Today marks the 79th birth anniversary of Flamboyant Bollywood actor, Producer and Director Feroz Khan.
In the days of the big picture, of Dolby digital, six-track stereophonic sound, there was one man who was the pasha of cool. Feroz Khan strode the silver screen like a colossus making movies on a jaw-dropping scale that bewitched and bedazzled audience.
The actor was born to a father with Afghan roots and a mother of Iranian origin and brought up in Bangalore. Khan first made his mark in 1965 when his film ‘Oonche Log’ clicked with the audience. He then went on to woo the audience with the mushy musical ‘Arzoo’ where he played a sacrificing lover.
The actor, who appeared in more than 50 films, became one of India’s best-loved heroes with his role in the 1980 hit film Qurbani. For his flamboyant style, with cowboyish swagger and cigar toting persona which revolutionised the style quotient of the otherwise conventional Filmi hero, he is known as the Clint Eastwood of the East and a style icon in the industry.

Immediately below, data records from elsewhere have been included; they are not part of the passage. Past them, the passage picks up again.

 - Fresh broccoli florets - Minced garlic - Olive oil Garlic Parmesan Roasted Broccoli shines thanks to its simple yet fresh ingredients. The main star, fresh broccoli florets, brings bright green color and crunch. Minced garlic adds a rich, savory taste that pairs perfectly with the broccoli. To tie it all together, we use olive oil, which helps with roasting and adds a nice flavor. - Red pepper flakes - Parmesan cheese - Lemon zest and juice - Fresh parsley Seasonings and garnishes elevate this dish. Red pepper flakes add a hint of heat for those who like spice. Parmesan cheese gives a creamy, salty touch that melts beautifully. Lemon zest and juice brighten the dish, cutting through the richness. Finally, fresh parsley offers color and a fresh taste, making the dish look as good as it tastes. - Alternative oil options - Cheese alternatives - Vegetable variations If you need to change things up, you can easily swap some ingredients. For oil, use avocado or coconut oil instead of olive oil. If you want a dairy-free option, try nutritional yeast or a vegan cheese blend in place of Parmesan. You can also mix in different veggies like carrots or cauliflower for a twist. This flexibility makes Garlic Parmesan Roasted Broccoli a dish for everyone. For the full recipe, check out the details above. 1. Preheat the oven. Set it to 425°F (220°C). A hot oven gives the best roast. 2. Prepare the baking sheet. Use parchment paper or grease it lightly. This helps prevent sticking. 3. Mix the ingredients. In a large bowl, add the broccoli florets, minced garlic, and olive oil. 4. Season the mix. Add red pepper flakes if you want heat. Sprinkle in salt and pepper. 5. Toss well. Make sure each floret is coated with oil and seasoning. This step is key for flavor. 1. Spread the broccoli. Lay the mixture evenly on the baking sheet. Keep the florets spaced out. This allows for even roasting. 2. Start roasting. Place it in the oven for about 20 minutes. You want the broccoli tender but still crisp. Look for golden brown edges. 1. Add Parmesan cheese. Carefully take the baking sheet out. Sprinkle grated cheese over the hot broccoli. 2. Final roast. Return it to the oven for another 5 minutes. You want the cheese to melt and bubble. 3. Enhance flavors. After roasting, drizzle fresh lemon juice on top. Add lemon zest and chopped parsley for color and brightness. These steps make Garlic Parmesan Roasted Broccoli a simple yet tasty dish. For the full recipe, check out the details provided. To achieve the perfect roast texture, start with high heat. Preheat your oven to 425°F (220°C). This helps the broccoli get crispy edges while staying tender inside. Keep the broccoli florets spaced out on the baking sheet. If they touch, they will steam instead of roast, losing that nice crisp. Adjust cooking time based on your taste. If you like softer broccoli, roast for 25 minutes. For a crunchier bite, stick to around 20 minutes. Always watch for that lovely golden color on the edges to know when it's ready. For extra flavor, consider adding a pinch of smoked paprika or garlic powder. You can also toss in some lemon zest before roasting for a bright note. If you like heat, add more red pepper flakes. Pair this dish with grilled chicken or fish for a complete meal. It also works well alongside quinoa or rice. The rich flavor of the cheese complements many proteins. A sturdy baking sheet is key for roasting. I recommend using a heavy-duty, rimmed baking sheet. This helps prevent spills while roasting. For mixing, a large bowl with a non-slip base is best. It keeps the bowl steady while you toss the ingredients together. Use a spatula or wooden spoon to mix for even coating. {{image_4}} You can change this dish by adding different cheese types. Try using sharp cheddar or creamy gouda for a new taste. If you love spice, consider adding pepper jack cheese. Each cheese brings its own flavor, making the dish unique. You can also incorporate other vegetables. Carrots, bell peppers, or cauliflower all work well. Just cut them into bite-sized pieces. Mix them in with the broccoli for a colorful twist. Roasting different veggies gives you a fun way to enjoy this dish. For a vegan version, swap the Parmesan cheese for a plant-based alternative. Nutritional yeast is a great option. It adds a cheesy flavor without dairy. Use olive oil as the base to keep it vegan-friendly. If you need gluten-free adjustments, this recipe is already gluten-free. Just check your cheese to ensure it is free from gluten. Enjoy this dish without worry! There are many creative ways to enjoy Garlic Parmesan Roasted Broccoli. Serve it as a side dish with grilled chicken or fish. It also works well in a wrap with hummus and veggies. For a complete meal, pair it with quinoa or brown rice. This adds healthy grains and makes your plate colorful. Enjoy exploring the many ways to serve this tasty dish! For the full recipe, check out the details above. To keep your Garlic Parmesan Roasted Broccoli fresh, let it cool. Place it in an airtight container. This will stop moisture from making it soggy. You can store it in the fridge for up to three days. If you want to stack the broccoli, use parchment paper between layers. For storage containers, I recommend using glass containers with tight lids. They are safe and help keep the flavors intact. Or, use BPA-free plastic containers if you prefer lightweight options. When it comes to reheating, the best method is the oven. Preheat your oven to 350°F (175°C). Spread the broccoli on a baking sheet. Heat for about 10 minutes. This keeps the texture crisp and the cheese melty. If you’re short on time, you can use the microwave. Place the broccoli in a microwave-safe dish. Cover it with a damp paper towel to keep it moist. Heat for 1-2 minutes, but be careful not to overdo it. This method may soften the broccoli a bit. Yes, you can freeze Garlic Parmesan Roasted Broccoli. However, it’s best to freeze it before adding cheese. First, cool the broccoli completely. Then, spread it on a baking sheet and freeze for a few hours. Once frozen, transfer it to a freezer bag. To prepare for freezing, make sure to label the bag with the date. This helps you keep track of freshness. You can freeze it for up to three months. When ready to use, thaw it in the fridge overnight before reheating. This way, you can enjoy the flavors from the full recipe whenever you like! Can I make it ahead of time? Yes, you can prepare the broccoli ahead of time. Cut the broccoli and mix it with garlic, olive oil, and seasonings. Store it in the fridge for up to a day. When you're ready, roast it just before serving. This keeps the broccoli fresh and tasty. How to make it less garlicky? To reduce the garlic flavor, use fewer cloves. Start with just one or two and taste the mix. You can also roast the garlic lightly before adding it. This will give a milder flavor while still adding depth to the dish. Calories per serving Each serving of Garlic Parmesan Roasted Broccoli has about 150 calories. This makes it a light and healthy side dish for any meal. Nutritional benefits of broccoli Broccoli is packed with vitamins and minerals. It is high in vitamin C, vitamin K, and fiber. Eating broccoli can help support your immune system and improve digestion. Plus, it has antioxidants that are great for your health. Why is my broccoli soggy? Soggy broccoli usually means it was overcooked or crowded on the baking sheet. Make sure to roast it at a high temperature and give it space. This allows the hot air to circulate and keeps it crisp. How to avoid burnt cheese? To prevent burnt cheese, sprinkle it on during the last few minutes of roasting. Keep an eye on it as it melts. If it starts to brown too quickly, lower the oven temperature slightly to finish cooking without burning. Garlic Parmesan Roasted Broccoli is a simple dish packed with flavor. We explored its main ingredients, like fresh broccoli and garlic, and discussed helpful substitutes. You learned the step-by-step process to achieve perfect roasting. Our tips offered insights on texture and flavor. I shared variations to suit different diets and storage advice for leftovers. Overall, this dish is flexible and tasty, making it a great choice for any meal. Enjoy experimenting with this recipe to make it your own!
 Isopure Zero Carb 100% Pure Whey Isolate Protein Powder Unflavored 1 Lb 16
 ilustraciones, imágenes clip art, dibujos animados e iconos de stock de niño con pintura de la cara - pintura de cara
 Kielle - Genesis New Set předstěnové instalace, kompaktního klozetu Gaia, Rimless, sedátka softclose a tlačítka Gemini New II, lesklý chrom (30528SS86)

Khan was known to push boundaries. As a producer and director, he made Dharmatma, the first Hindi-language movie made on location in Afghanistan and inspired by the Oscar-winning Hollywood epic The Godfather.
But it was with the 1980 gangster film Qurbani that he scored his biggest hit as an actor, producer and director, introducing foreign locations to Bollywood that are now the norm. In the days before hype and publicity, Qurbani generated an enormous buzz. There was ‘Aap jaisa koi meri’ sung by Nazia Hassan and scored by Biddu which was the ‘Dum Maro Dum’ of the Eighties. Interestingly both anthems were filmed on the lovely Zeenat Aman.
In 1986, he directed and starred in ‘Janbaaz’ which was a box office hit. After he directed and starred in ‘Yalghaar’ in 1992, the charismatic actor took a long break from acting and took to producing and directing films.
Feroz Khan died as a result of cancer on 27 April 2009 at the age of 69 in Bangalore.